É quase irônico que o
cenário onde se passa a história do anime seja desértico, mas com certeza é
muito acertado. A realidade pintada nesse universo não tão distante de outras
realidades não inventadas pode soar pitoresca a primeira vista, mas não é necessária muito reflexão
para se perceber características que de certo não fogem a um certo senso comum
quando se fala do tema retratado.
Não é de se estranhar o quão
desconhecido seja essa animação, que pode ser explicado pelo simples motivo da
proposta da própria, que ao invés de tentar proporcionar o prazer ao
expectador, vai pelo caminho oposto, buscando o desconforto, a inquietação,
tentando faze-lo refletir os temas propostos.

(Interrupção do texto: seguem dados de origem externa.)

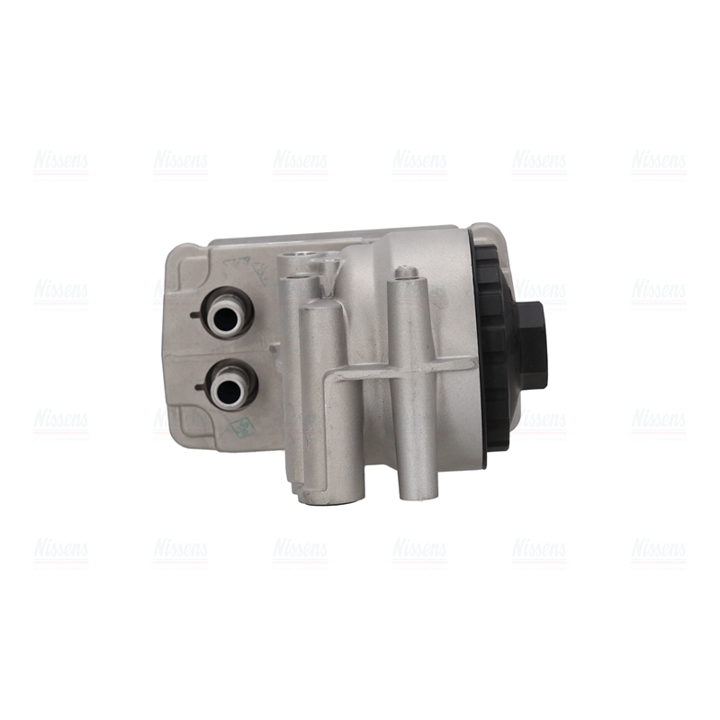 Oil cooler Nissens 91327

Você não encontrará recompensa em
sua experiência de expectador dessa obra, no máximo a aversão, o próprio ritmo
seguido pelo roteiro é lento, arrastado, feito para que você tenha tempo para
parar e pensar no que está acontecendo, não há desculpas para não receber a
mensagem passada.
Vale comentar que o cenário
da história, o mundo alternativo(ou futuro distópico, dependendo de como você
resolve interpretar) desértico assolado pela guerra, mais especificamente, a
fortaleza máquina de guerra Hellywood, centro de toda a trama, comandada pelo
lunático Hamdo, que transformou a mesma em uma máquina de guerra em todos os
sentidos, sob um sistema que atacava vilas para sequestrar crianças que eram
treinadas para se tornarem seus soldados, tática comum em meio a zonas de
conflito.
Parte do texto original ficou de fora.